"Among historians, revisionism means nothing more than asking questions of new information or new questions of old information." -- Robert Post, Who Owns America's Past? The Smithsonian and the Problem of History (The John Hopkins University Press, 2013), 286-287.
This is the operational definition of "revisionism" offered by Post and the one that I would suggest that best fits how the vast majority of trained historians, those with academic appointments as well as the Independent Scholars, actually go about their studies.
The formal study of the past, history, has evolved rather dramatically since at least the latter decades of the 19th Century. Aspects of the past have been examined and reexamined and reexamined once again in some cases. When I began my graduate studies 45 years ago, the study of topics such as gender, sex, sports, and whole gamut of other topics were still considered part of what was then considered as "Radical History," with rumblings regarding the very nature of how to study the past present around the globe. It was not until 1960 that the first dissertation on a sports topic was accepted by an American university, Harold Seymour's (and, to be fair, his wife Dorothy Seymour's since she did a significant amount of the work as his researcher) work on baseball. Richard Mandell, one of my former professors, wrote a book on the 1936 Olympics (The Nazi Olympics, 1971), one of the few monographs on sports history at the time, something that he got away with given that its topic was on the Olympics, a topic which was deemed to transcend "mere sport."
Social history, oral history, cultural history, the history of technology, sport history, and so on have all emerged as accepted fields of historical study and inquiry within roughly the past half century. The notion of "history from below," which we generally include in our historiography classes, is usually attributed to E.P. Thompson's, The Making of the English Working Class (1963), just as one of the catalysts for the development of the field of the history of technology was Thomas Kuhn's, The Structure of Scientific Revolutions (1962), the monograph which introduced the term "paradigm" to the lexicon.
My field, military history, was in largely in disarray at the time, for any number of reasons, in large part thanks to its devotion to nostalgia (for example, memoirs), deference to "history from above," and resistance to reevaluating the past (revisionism). By the latter 1980s/ early 1990s, this was in being successfully challenged, both in the USA and elsewhere.
An interesting unintended consequence of the changes and shifts in the study of history over the past half dozen decades has been what I would suggest as an often better level (a subjective term, of course) of "general history" being produced in various fields, with context, nuance, and other aspects of events being incorporated in such works; some now even include notes regarding the sourcing of statements.

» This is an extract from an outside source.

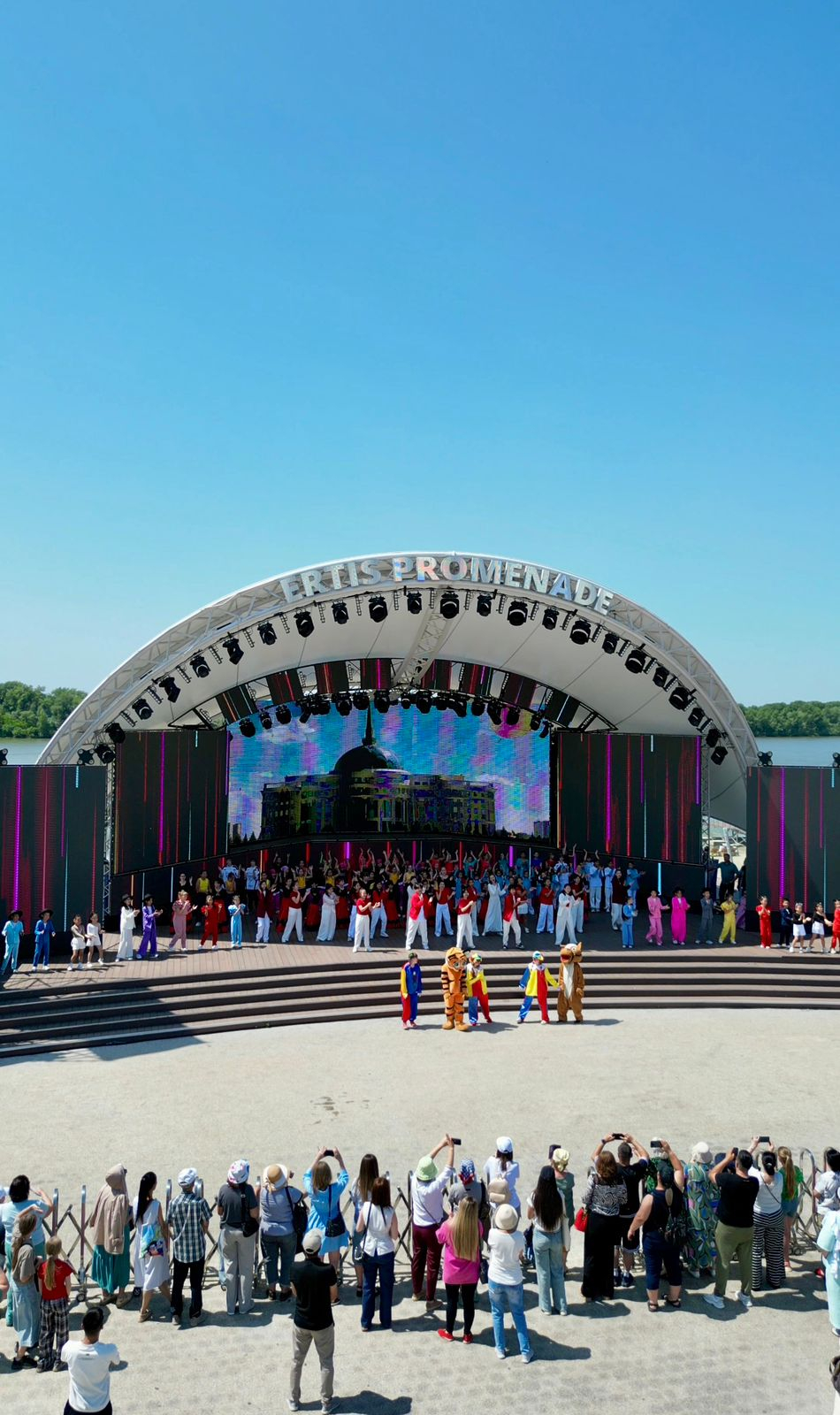 Павлодар каласынын бас сахнасы - «Ertis Promenade» төрінде «Жігер» БЖК уйымдастыруымен «Жігер. Өнердің самғауы» атты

Left almost literally on the fringes four decades ago, sport history slowly gained scholarly recognition, but even so, it still somewhere down on the bottom rungs of Clio's domain. Recently, Amy Bass (College of New Rochelle) suggested in her review of the field of sport history in The Journal of American History (June 2014) that sport history should embrace what she termed the "cultural turn" in historical studies as a means of moving more into the mainstream. Needless to say, motor sports never got a mention in either the main article or in the supporting comments. This would suggest that, to no one's surprise, motor sport history is down on the bottom rungs of a bottom rung field. Time and again, any mention of motor sports in monographs on sport history are fleeting at best, often mentioning the same subjects -- the Indianapolis 500, NASCAR, Formula 1, and demolition derbies(!) -- time and again.
So, what?
That the history of motor sport has largely been left to buff historians and enthusiasts is simply a matter of there being a void, these people then stepping in to fill it. In some cases, their work has been little short of disastrous, but there are other cases in which their work has been exemplary, ranging from the hands-on to the sorting through musty archives, both resulting in excellent work. Yet, this field is pretty much where other fields of historical inquiry were a half dozen or more decades ago, much as the ant frozen in amber. Slowly, very slowly, the number of Independent Scholars and academics joining the journalists, enthusiasts, and buff historian doing work in the field of motor sport is beginning to grow. I have been encouraging others to consider framing the way forward as, The Cultural Turn Meets the First Turn. This takes us back to Robert Post's definition of revisionism, one that suggests that the asking of questions is in and of itself a form of revisionism, such as looking anew at artifacts, wondering why the emphasis on personalities, even expressing curiosity as why the infrastructure of the sport appears to garner little interest, as just a few examples.
At any rate, several of us now think that down the line that the people who will have the opportunity to "save" the study of motor sport once the buffs and enthusiasts begin to die off and fade into the shadows just might be -- or, perhaps, will be -- the scholars.